Apart from being an intriguing personal tale, the book unravelled the story of how Smith discovered something about the world we live in that others hadn’t realised and which we take for granted today. A bit like Darwin and evolution after he’d visited the Galapagos. Only Smith went down a coal mine - the many shafts of the Mearns Pit in north Somerset. His discovery? Geology - or being able to predict how layers of strata would appear, and when and where there might be coal.

Reading about his struggle to convince others, I started to think of all the other given truths that we take for granted. It also made me think how amazing it must be to have that “eureka” moment.

I guess, with age and experience, teachers forget those moments; they become less frequent. At secondary level, they become less frequent among the children we work with, too. Learning evolves. Fact builds on fact. New skills are based on those learned at primary school.

Not so for the children I work with. Their earlier learning is interspersed with failure, just as Smith’s strata observations were by coal measures - and often just as easily predicted. These children’s failures and behaviour issues lead to them being permanently excluded. We attempt to rekindle a desire to learn, a degree of self-confidence - success, even.

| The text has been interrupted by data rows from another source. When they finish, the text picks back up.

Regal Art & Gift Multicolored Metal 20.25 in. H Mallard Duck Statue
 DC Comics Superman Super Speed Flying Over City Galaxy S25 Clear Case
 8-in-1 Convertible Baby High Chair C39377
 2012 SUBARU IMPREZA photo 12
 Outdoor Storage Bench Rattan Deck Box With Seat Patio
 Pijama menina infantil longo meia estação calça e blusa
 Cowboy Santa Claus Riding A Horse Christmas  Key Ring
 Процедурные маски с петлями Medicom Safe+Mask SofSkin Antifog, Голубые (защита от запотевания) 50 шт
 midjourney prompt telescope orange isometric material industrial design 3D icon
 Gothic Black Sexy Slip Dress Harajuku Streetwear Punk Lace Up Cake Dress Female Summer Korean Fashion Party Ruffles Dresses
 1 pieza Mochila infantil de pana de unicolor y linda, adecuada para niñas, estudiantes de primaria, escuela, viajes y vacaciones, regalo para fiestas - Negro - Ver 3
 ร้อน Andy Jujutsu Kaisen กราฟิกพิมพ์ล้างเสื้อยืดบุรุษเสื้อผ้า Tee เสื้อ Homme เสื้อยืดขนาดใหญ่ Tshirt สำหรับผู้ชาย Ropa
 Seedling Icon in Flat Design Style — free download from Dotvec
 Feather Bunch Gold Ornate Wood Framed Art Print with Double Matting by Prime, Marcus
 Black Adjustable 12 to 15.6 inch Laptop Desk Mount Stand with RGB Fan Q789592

Often we have to abandon national curriculum targets. If the concept of a sentence has not been grasped, then what chance Shakespeare or probability? We have to go back to the topics that caused grief.

And suddenly it clicks. Eyes open. The pencil falls to the table. A eureka moment.

Although we aspire to GCSEs, lower-grade qualifications are more realistic for our kids. But, with pressure to get them back into school, or to reach an academic level, and with so many gaps in learning to be sorted out, time for a eureka moment is at a premium.

How sad that we find it easier to say “wrong” than “well done”. How sad that we feel obliged to skip to the next topic. It may not be the theory of evolution. It may not be the accurate prediction of a coal seam. But somehow we must find time to savour each eureka moment if our kids - and not just the ones who have that permanent taste of failure - are to have any chance of really succeeding.